Is the right to freedom of
expression in the charters important here? Do ombudsmen have a role to play?
If the state seeks to impose
criminal sanctions as a legitimate restraint on the ability of individual
freedom of expression, lawyers, not ombudsmen, will become involved. If an
individual who has been eased out for speaking up, pursues redress through a
grievance process or civil action for wrongful dismissal, the ombudsman may
simply watch the proceedings with interest. Other avenues than the ombudsman
may also be available to redress official languages complaints and human rights
violations based on discrimination.
But what about the residue of
administrative actions that may be taken to silence potential whistleblowers?
What about the whistleblowers who have not necessarily had their day in court
or before a tribunal? They too may be harassed or overlooked for promotions.
Can the right to freedom of expression be invoked to argue their cause? Is the
ombudsman able to do that? Is or should the ombudsman be able to intervene if
the state unfairly silences whistleblowers?
Should a new expanded role be
created for ombudsmen to assist the so-called whistleblower? Should laws that
create ombudsmen contain provisions permitting a potential whistleblower to confide
in the ombudsman without fear of sanctions? Should it be possible for an
ombudsman to determine the public interest in disclosure of the information
received from the whistleblower?
Let's examine some action taken or
advocated to try to solve the whistleblower's dilemma.
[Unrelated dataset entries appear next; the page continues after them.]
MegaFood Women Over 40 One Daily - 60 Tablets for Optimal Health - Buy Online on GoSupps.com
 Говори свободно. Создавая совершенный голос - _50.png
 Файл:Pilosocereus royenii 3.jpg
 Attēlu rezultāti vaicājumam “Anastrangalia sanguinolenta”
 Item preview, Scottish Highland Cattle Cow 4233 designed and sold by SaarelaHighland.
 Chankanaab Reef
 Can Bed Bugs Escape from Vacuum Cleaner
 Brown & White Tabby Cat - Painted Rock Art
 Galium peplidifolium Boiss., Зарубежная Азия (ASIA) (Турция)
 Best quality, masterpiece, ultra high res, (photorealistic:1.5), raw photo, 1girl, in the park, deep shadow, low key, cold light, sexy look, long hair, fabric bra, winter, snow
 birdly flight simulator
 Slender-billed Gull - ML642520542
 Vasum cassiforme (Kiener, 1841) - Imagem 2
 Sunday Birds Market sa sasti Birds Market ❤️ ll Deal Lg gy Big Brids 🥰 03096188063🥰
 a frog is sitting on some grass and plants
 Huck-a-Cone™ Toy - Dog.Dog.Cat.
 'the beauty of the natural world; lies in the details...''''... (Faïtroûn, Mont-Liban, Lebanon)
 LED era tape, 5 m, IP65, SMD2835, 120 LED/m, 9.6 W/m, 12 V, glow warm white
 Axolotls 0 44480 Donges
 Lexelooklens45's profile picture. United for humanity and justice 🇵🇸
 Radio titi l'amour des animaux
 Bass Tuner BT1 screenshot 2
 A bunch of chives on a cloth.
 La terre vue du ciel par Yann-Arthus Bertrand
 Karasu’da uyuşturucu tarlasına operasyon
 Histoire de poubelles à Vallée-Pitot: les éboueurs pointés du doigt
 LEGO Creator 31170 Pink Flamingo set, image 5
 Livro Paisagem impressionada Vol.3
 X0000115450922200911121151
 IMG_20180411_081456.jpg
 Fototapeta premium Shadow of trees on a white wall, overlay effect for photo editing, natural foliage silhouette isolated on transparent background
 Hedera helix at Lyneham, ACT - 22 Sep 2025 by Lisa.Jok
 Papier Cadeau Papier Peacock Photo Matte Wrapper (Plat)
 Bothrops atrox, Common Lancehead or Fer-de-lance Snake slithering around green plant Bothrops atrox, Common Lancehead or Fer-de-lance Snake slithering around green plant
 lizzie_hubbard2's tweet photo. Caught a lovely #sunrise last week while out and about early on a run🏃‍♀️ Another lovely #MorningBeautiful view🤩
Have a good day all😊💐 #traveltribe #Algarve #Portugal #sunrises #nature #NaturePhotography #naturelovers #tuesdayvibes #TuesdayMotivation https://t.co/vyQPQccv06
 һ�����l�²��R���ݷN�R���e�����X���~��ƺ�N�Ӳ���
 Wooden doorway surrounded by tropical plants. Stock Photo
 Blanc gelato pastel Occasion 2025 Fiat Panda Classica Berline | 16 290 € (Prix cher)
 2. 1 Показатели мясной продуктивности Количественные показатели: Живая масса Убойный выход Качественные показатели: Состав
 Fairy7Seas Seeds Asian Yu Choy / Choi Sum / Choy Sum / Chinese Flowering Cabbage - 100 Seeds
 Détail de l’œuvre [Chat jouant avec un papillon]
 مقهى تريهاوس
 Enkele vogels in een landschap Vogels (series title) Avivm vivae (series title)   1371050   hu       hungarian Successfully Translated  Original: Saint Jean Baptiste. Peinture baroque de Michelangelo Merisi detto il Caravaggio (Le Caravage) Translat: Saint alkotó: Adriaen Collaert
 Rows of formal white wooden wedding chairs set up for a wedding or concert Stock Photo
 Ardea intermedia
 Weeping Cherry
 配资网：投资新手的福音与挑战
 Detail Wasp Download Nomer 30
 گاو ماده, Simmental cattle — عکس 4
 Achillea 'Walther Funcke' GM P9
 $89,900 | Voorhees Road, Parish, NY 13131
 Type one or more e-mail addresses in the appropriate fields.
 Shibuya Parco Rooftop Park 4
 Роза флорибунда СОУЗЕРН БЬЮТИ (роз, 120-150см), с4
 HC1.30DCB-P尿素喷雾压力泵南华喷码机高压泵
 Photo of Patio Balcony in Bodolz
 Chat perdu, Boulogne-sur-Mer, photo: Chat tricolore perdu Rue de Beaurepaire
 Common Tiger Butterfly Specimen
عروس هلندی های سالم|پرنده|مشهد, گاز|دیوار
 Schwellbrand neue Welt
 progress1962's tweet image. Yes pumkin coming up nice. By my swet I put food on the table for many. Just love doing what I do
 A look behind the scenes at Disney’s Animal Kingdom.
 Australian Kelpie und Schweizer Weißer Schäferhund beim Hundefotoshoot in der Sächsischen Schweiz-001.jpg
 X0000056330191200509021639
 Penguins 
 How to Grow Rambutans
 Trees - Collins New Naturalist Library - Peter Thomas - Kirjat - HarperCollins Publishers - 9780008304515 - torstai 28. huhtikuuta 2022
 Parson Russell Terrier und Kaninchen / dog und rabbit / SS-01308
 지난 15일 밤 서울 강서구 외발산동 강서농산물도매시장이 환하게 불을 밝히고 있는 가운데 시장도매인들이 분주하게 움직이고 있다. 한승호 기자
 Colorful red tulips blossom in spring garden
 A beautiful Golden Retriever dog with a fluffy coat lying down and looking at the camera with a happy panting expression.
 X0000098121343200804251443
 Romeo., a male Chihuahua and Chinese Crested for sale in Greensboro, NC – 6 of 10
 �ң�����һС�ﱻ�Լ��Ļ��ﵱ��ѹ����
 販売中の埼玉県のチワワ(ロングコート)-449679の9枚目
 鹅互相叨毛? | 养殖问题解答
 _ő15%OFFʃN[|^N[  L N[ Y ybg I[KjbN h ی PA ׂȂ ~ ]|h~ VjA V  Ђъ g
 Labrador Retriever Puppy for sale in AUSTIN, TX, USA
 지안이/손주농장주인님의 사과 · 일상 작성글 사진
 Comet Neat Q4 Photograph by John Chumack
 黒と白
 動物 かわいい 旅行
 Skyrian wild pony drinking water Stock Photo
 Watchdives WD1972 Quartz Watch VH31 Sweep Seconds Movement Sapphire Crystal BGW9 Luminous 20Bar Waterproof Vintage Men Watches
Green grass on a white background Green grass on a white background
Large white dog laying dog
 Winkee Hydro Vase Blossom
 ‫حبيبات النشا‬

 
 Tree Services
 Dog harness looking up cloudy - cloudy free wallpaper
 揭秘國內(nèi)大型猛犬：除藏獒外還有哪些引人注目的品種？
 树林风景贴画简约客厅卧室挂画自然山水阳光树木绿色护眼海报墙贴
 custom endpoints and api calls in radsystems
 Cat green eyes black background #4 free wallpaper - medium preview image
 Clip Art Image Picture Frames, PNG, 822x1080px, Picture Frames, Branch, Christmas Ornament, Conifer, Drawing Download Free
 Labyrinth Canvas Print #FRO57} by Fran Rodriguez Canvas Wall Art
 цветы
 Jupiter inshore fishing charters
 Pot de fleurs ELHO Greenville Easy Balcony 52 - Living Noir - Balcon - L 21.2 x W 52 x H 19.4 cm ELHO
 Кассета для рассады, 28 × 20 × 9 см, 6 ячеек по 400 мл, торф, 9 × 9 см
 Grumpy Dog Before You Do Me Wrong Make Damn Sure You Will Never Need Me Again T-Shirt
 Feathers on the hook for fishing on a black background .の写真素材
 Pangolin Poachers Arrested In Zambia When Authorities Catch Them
In Sweden, public
servants may draw government wrongdoing to the attention of the media. The
media, to the best of my knowledge, are prohibited from publishing the identity
of the informer.
The Whistleblower Protection Act
of 1989 provides protection at the federal level in the United States for those
who disclose government "illegality, waste and corruption" and the
Office of Special Counsel is charged with protecting whistleblowers against
prohibited personnel practices. Some states have similar legislation. The
Canadian Auditor General has spoken of the idea of a fraud hotline which he
says already exists in the United States and saves their government $20 to $50
for every dollar spent running toll-free telephone lines and checking the
anonymous tips.
An interesting example of a
statutory role as informer has been given to the Information Commissioner in
the Canadian Access to Information Act. The Commissioner is expressly
authorized to disclose to the Attorney General of Canada information relating
to the commission of an offence against any law of Canada or a province on the
part of any officer or employee of a government institution if in the
Commissioner's opinion there is evidence of such activities.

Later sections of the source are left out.